Consider a set of vehicle stations $ℐ≔\left\{1,\dots ,I\right\}$ in space. For each vehicle station $i\in ℐ$, there is a BSS. These stations can also be the ODs of vehicles. Consider a set of batteries with varying SOC $\mathcal{Q}≔\{1,\dots Q$} that a shared BSS can provide. Let $q\in \mathcal{Q}$ denote the battery SOC. For each station, the number of battery types can be different. Consider a set of the vehicle trip characteristic index $\mathcal{U}≔\left\{1,\dots ,U\right\}$ which has a series of various travel demands (i.e., origin station $i_u^{+}$, destination station $i_u^{-}$, and the initial state of the battery charge $q_u^0$). Let $x_{ujq}$ denote whether vehicle $i$ heads to station $j$ and replaces the depleted battery with a well-charged battery in the state of $q\in \mathcal{Q}$.

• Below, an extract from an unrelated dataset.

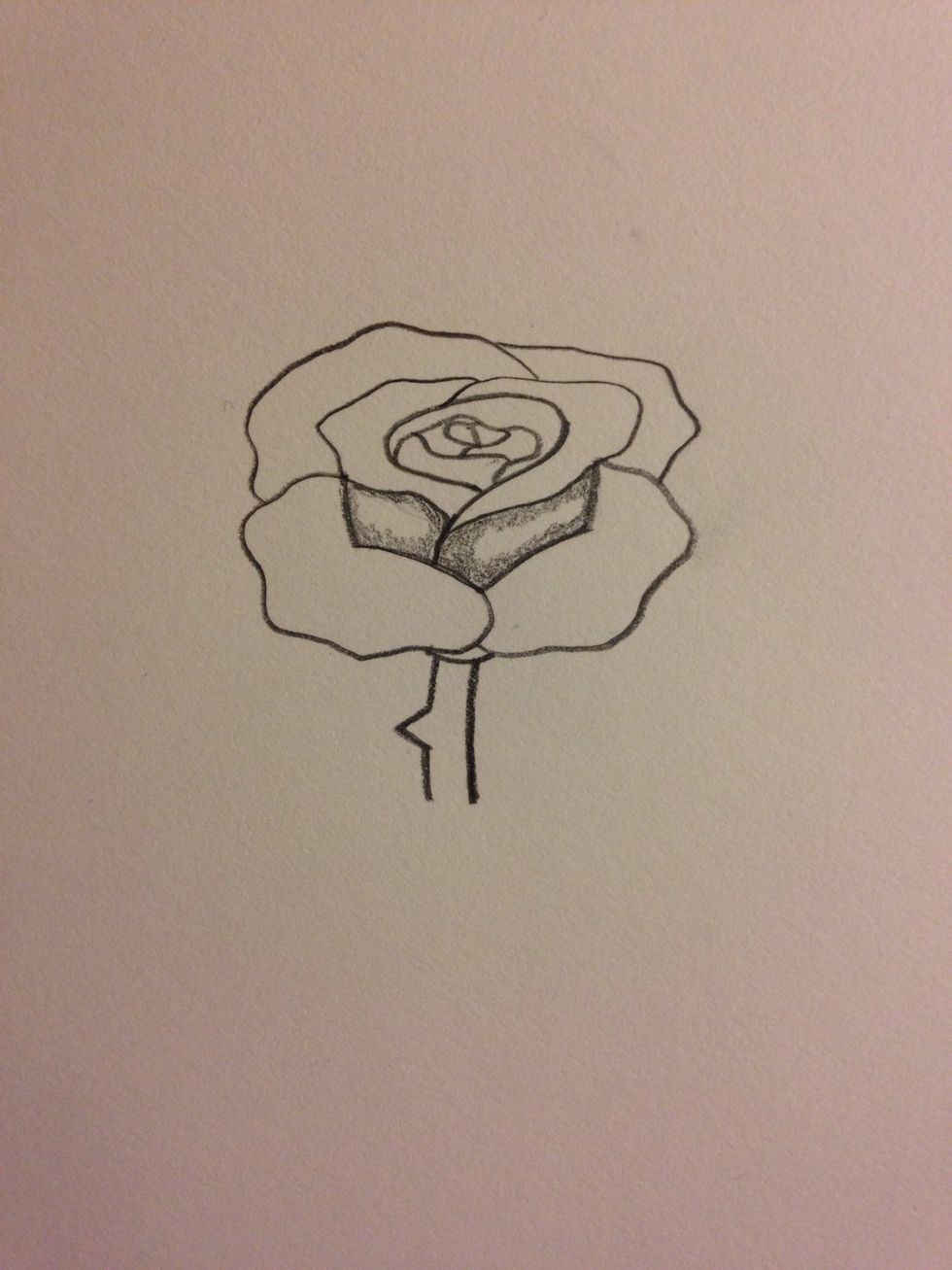 Start with were the rose does not get the most light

To fully understand the operation process of an SSCS, Figure 2 shows an example with shared BSS stations $ℐ=\left\{1,\dots ,5\right\}$ and three types of battery SOCs $q=\left\{1,2,3\right\}$. In this figure, on each link between two stations, the segment of a different number represents the travel distance between the stations. The different combinations of colors for the stations represent the battery types they provide.

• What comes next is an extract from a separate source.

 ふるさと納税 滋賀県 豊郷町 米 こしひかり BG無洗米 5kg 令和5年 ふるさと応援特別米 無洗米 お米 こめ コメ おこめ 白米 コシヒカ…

Figure 2. Example network with different battery mode supplies in the SSC station.

In the SSCS, the entire operation process can be divided into three steps, as shown in Figure 3. The vehicle side allows the EV to make online reservations in advance and then follow the instructions from the IPC. The IPC side requires all the vehicles and BSSs to follow centralized guidance, and the BSS side follows the optimal battery replacement and charging strategies. All these system components operate smoothly under the proposed SSCS model.

Figure 3. Operation process in the SSCS. Abbreviation: IPC—information processing center.

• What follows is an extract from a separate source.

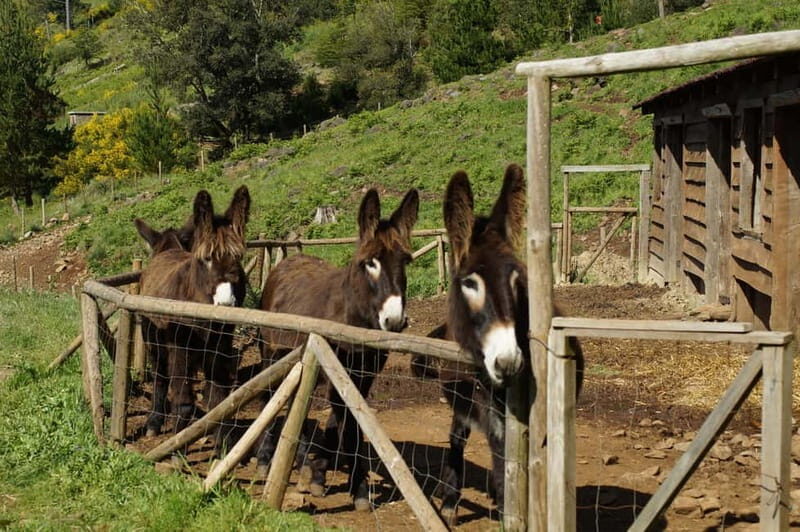 Madeira : Sunrise at Pico do Arieiro + 2 Hikes - PR1 and PR3 - Good To Know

In previous studies [29,41,42,43], the battery charging rate is a concave function that satisfies formula $f\left(q\right)>0,f^{\prime }\left(q\right)<0$. The charging time function can be approximately formulated as a piecewise function $f\left(q\right)=\{\begin{array}{c}{k}_{1}q+b_1,0<q\le q_1\\ k_{2}q+b_2,q_1<q\le q_2\\ \dots \\ k_{m}q+b_m,q_{m-1}<q\le q_m\end{array}$. In Figure 4, we plot the varying SOC ($q$), the battery charging rate ($\frac{dt}{dq}$), and the cumulative time functions of the SOCs of the batteries.

Figure 4. Performances of charging times with current battery power levels: (a) curve of the varying SOC ($q$) and the battery charging rate ($dt/dq$ ); (b) cumulative time curve of the SOCs of batteries.

To facilitate the model formulation, we introduce the following assumptions in the investigated problem. These assumptions have been used in other studies on operational design for the SC battery system.

Assumption 1.

The battery power consumption of EVs is proportional to the driving distance [37,44]. It is hard to relax this assumption when a battery consumed along a stretch of road is not dependent on the distance; then, the problem becomes an NP-hard problem and appears to be mathematically intractable [14,45,46].

Assumption 2.

All vehicles in our system share the same battery capacity size. In the previous study, many researchers have already focused on optimizing the battery size to reach a better system income [47].

Assumption 3.

All vehicles in this system reserve swap batteries online and follow the instructions. This assumption will not be strict in the future because of the connected and autonomous vehicle atmosphere and because it has already been applied in previous studies [27].

3. Model Formulation

This section provides a model formulation of the investigated problems. Section 3.1 proposes a model to describe the above-defined SSCS problem. Section 3.2 puts forward the physical constraints that make this model applicable in real-world cases. Finally, Section 3.3 compares this proposed system with the benchmark system.

3.1. Objective Function

The objective function formulated in Equation (1) aims to minimize the SSCS system operational costs, which includes three components: the travel cost of the detour in the swapping battery process ($F_1$), the total battery cost in the battery recharging process ($F_2$), and the residual value of electricity power in moving EVs ($F_3$).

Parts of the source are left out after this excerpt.